You've got to join them all up somehow!
The conventional method is to connect them using copper cables of a thickness depending on the power to be transmitted. To help with the principal behind this, think of electrical current as a flow of water. You can get a greater flow of water from a large pipe than a small pipe, and the same is true of electrical cable and electrical current.
The other two concepts to get to grips with are power and volt drop. Put simply power in 'Watts' can be calculated by multiplying the current in 'Amps' by the voltage in 'Volts'. For a very low voltage DC system it would be as follows:
12v x 10A = 120W
The voltage drop is dependent on the length of the cable (and a few other factors beyond our scope here today) simply put it is calculated as (volt drop per meter x length x current)
Back to the script - as it were, let's size a cable!
For our 120W load we know that we need a cable that will take 10A. We should always add a safety margin of 10% so our figure is 11A. All you need to do, is either look at the tables in BS7671 or cable manufacturers data to find the current that your chosen cable can handle.

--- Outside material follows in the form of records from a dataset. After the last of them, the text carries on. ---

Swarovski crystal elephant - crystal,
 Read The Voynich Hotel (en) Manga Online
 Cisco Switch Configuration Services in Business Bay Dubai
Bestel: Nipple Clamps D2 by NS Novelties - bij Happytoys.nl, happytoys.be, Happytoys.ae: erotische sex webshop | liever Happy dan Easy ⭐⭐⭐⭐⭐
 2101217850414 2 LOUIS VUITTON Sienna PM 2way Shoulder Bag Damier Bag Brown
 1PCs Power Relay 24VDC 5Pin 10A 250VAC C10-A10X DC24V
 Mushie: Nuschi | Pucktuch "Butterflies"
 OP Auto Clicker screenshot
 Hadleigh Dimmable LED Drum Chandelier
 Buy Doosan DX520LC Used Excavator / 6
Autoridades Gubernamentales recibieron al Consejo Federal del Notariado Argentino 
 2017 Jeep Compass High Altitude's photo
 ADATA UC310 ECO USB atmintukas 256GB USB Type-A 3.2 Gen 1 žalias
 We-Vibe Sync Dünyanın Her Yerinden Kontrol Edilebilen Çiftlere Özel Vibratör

1mm cross sectional area cable has a current carrying capacity of 14.5 A (multicore insulated, non armoured, copper conductor) so theoretically we could use this.
But what about volt drop?
Obviously we would like the voltage at the end of the wire to be a close as possible to the voltage that we started out with!
From the same set of tables we can find the volt drop for this particular cable is 46mV(mV = millivolts) per Amp per meter. Lets say that we have a 20m run...
20 x 10A x 46 = 9,200 But WAIT!!!!!!
Remember the volt drop figure is in millivolts so we now divide 9,200 by 1,000 to get Volts
Our voltage drop is 9.2V meaning that you start off with 12V and end up with 2.8V!
We now have two options, raise the voltage but lower the current (This keeps the power the same)
600V x 0.2A = 120W
Or get a bigger cable, but what size should it be?
Back to the tables....
50mm multicore copper cable has a volt drop of 0.98mV per meter per Amp
20 x 10A x 0.98 = 196
196/1000 = 0.196V
Using 50mm cable we start with 12V and we end up with 11.804V
Just to put that in perspective the cable is now 50 times larger than we started with, the moral of the story is keep the voltage as high as you can, and the distances as low as possible to minimise losses in the cable.